# Walmart and wine



## chrose (Nov 20, 2000)

BENTONVILLE, ARK (AP) -- Some Wal-Mart customers soon will be able to 
sample a new discount item -- Wal-Mart's own brand of wine. The
world's 
largest retail chain is teaming up with E&J Gallo Winery of Modesto, 
CA, to produce these wines at an affordable price, in the $2-5 range. 
While wine connoisseurs may not be inclined to throw a bottle of 
Wal-Mart brand wine into their shopping carts, there is a market for 
cheap wine, said Kathy Micken, professor of marketing at Roger
Williams 
University in Bristol, R.I. She said: "The right name is important." 
The top 12 suggested names for Wal-Mart wine:

12. Chateau Traileur Parc
11. White Trashfindel
10. Big Red Gulp
9. Grape Expectations
8. Domaine Wal-Mart "Merde du Pays"
7. NASCARbernet
6. Chef Boyardeaux
5. Peanut Noir
4. Chateau des Moines
3. I Can't Believe It's Not Vinegar!
2. World Championship Riesling

And the number 1 name for Wal-Mart Wine...
1. Nasti Spumante 

And who says they don't know wine in Arkansas?


----------



## peachcreek (Sep 21, 2001)

Top ten questions asked by purchasers of Wal-Mart wine-

10. Is it gonna screw up the taste of my cheeseburger?
9. I did'nt figure on havin' to buy a corkscrew. Can I get it open with a Leatherman?
8. Is there a deposit on the bottle?
7. Is it going to be reminiscient of that '76 Lafite I had last night?
6. Is it any cheaper by the case?
5. My dog likes it. Does that mean I'll like it?
4. Does it come in a can?
3. Which one is a better mixer with Vodka?
2. I found my kids drinkin this stuff. Can you tell me what it is?
And the #1 question-
1. I have $5.00 to spend on a bottle wine. What do you have that'll 
_really_ compliment squirrel brains?


----------



## chefboy2160 (Oct 13, 2001)

I reckon Ive been on the "Night train" to long to find my "boones farm" where I lost my "Mad Dog 20/20". I guesse I just have to settle for that fine 
"Ripple" and smell the screw on cap my friends........... Oh and I must hurry as the " Thunderbird " is getting ready to leave for that walmart infusion........ France , beware!Doug.................


----------



## headless chicken (Apr 28, 2003)

Excuse me...wine from Wal-mart?!?!

Would you buy European Chocolates from my *****? 

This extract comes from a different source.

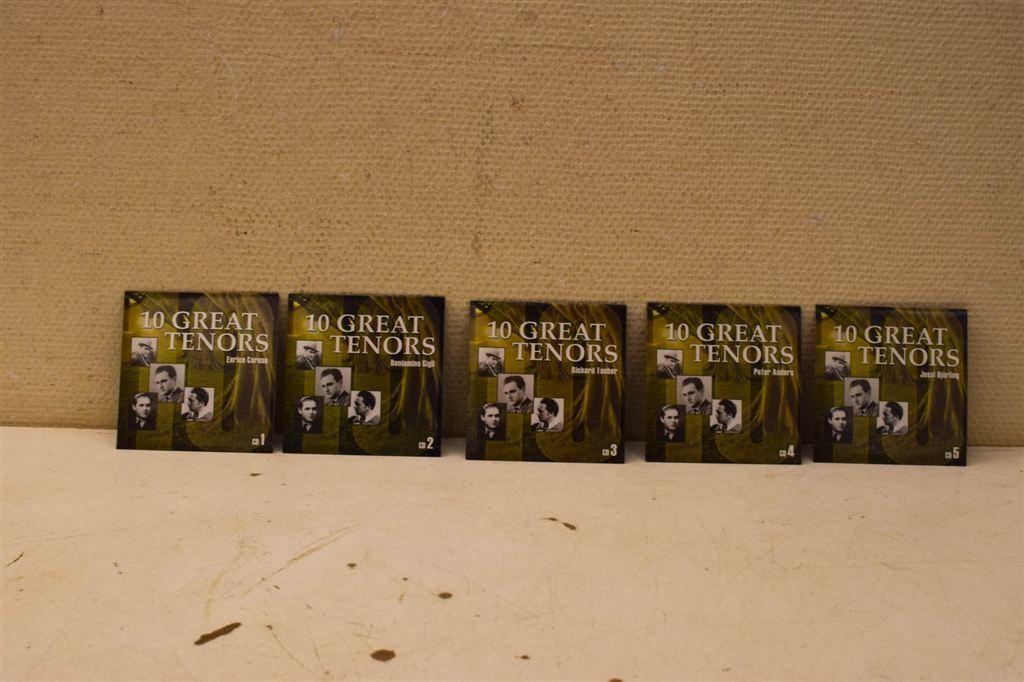 10 cd box 10 Great tenors 47802, Ophalen of Verzenden, Gebruikt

LoL my god! I just heard off the radio that M&M meat shops is trying to aquire Laura Secord.


----------



## phatch (Mar 29, 2002)

I read something recently that indicated wineries are beginning to abandon corks. Corkage, not the fee charged to serve your own wine, but a reaction between cork and wine is causing loss rates that are untenable in the market of today.

Phil


----------



## pete (Oct 7, 2001)

Screw tops and caps have a number of advantages over cork. Not only does it create a better, more air-tight seal, it doesn't ever react with the wine, making undrinkable (aka a corked wine). The down side is you lose a lot of the ritual that comes with wine if you use a screw top. If I were a wine maker I would definately promote the use of screw tops over cork. Not only is it less expensive, I don't have to worry about lost inventory due to "corked" wines.


----------



## mezzaluna (Aug 29, 2000)

Just think of all those rabbits (corkscrews) that will die! 

Seeing as I have lots of problems with Wal-Mart's employment policies, this is one product that I will never have a chance to taste. I don't expect it'll give "Two Buck Chuck" a run for its money.


----------